The Israelis are at it again
Amazing, isn’t it? The Israelis have been whining about “imminent” Iranian nukes for years [decades], and they are still at it. Not only that, but these guys have the nerve to say “Iran lied”. Seriously, even by the already unique Israeli standards, that is chutzpah elevated to a truly stratospheric level. If it were just Bibi Netanyahu, then this would be comical. But the problem is that Israel has now fully subjugated all the branches of the US government to its agents (the Neocons) and that they now run everything: from the two branches of the Uniparty to Congress, to the media and, now that Trump has abjectly caved in to all their demands, they also run the White House. They apparently also run the CIA, but there still might be some resistance to their lunacy in the Pentagon. The US is now quite literally run by a Zionist Occupation Government, no doubt about it whatsoever.

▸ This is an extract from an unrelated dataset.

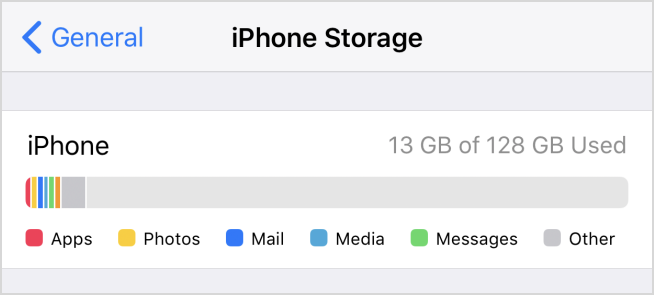 iPhone-Storage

So what are these guys really up to? Listen to the one man who knows them best, and whose every single word you can take to the bank, Hezbollah General Secretary Nasrallah (ever wondered why Hezbollah, which has not committed anything even remotely looking like a terrorist attack since the 1980s is called the “A-Team of terrorists”? Just saying…):
The first event is the Israeli blatant and manifest aggression against the T-4 base or airport on the outskirts of Homs, that targeted Iranian forces from the Guardians of the Islamic Revolution of Iran who were present there, hitting them with a large number of missiles, causing 7 martyrs among its officers and soldiers and wounding others. This was a new, significant and important event. Maybe some people do not pay attention to its importance and magnitude. In this operation, Israel has deliberately killed (Iranian soldiers). This is an unprecedented event. In the past, Israel has struck us [Hezbollah] for example in Quneitra, and it turned out that coincidentally Guardians [of the Islamic Revolution] officers were with us. Israel declared hastily that they did not know it, and thought that all (targeted soldiers) were Hezbollah’s. This is an event that has no precedent since 7 years, it is unprecedented since 7 years, that Israel openly targets the Guardians of the Islamic Revolution in Syria, killing deliberately, in an operation that caused a number of martyrs and wounded (…) I want to tell the Israelis that they must know – I wrote that statement accurately and I read it to them – they must know that they have committed a historic mistake. This is not a simple blunder. They committed an act of great stupidity, and by this aggression, they entered in a direct confrontation with Iran, the Islamic Republic of Iran. And Iran, O Zionists, is not a small country, it is not a weak country, and it is not a cowardly country. And you know it very well. As a comment on this incident, I stress that it constitutes a turning point in the situation of the region. What follows will be very different from what preceded it. This is an incident that cannot be considered lightly, contrary to what happens with many incidents here. It is a turning point, a historic turning point. And when the Israelis committed this stupid act, they had some assessment (of the situation), but I tell them that their evaluation is false. And even in the future, since you have opened a new path in the confrontation, (you should ensure) not to be wrong in your evaluations. In this new path you opened and initiated, don’t be wrong in your assessment, when you are face to face, and directly (in conflict) with the Islamic Republic of Iran.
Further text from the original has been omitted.